Sorrow without Consolation
 
O, wherefore shouldst thou try
The tears of love to dry?
Nay, let them flow!
For didst thou only know,
How barren and how dead
Seems every thing below,
To those who have not tears enough to shed,
 

Thou'd'st rather bid them weep, and seek their comfort so.

The following stanzas, though rather inferior in merit, may be taken as a companion to the above. Their structure reminds us of Cowley.

Comfort in Tears
 
How is it that thou art so sad
When others are so gay?
Thou hast been weeping — nay, thou hast!
Thine eyes the truth betray.
 
 
"And if I may not choose but weep,
Is not my grief mine own?
No heart was heavier yet for tears —
O leave me, friend, alone!"
 
 
Come, join this once the merry band,
They call aloud for thee,
And mourn no more for what is lost,
But let the past go free.
 
 
"O, little know ye in your mirth
What wrings my heart so deep!
I have not lost the idol yet
For which I sigh and weep."
 
 
Then rouse thee and take heart! thy blood
Is young and full of fire;
Youth should have hope and might to win,
And wear its best desire.
 
 
"O, never may I hope to gain
What dwells from me so far;
It stands as high, it looks as bright,
As yonder burning star."
 
 
Why, who would seek to woo the stars
Down from their glorious sphere?
Enough it is to worship them,
When nights are calm and clear.
 
 
"Oh, I look up and worship too —
My star it shines by day —
Then let me weep the livelong light
The whilst it is away."
 

A thread from the distaff of Omphale may be stronger than the club of Hercules. Here is an inconstant Romeo escaped from his Juliet, and yet unable to shake off the magnetic spell which must haunt him to his dying day.

To a Golden Heart
 
Pledge of departed bliss,
Once gentlest, holiest token!
Art thou more faithful than thy mistress is,
That ever I must wear thee,
And on my bosom bear thee,
Although the bond that knit her soul with mine is broken?
Why shouldest thou prove stronger?
Short are the days of love, and wouldst thou make them longer?
 
 
Lili! in vain I shun thee!
Thy spell is still upon me.
In vain I wander through the distant forests strange,
In vain I roam at will
By foreign glade and hill,
For, ah! where'er I range,
Beside my heart, the heart of Lili nestles still!
 
 
Like a bird that breaks its twine,
Is this poor heart of mine:
It fain into the summer bowers would fly,
And yet it cannot be
Again so wholly free;
For always it must bear
The token which is there,
To mark it as a thrall of past captivity.
 

Here, again, is Romeo before his escape.

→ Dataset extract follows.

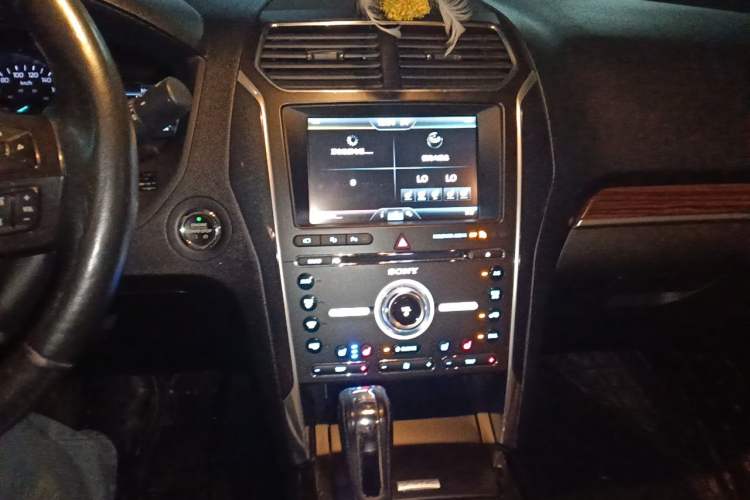 Used Ford Explorer 2016 2.3T Elite Edition Audio And AC Panel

Poor Juliet! may we hope that she still has, and may long possess, the power

"To lure this tassel-gentle back again."

Death, indeed, were a gentler fate than desertion. Truth to say, Goethe would have made but a sorry Romeo, for he wanted the great and leading virtue of constancy; and yet who can tell what Romeo might have become, after six months' exile in Mantua? Juliet, we know, had taken the place of Rosaline. Might not some fairer and newer star have arisen to eclipse the image of the other? We will not credit the heresy. Far better that the curtain should fall upon the dying lovers, before one shadow of doubt or suspicion of infidelity has arisen to perplex the clear bright mirror of their souls!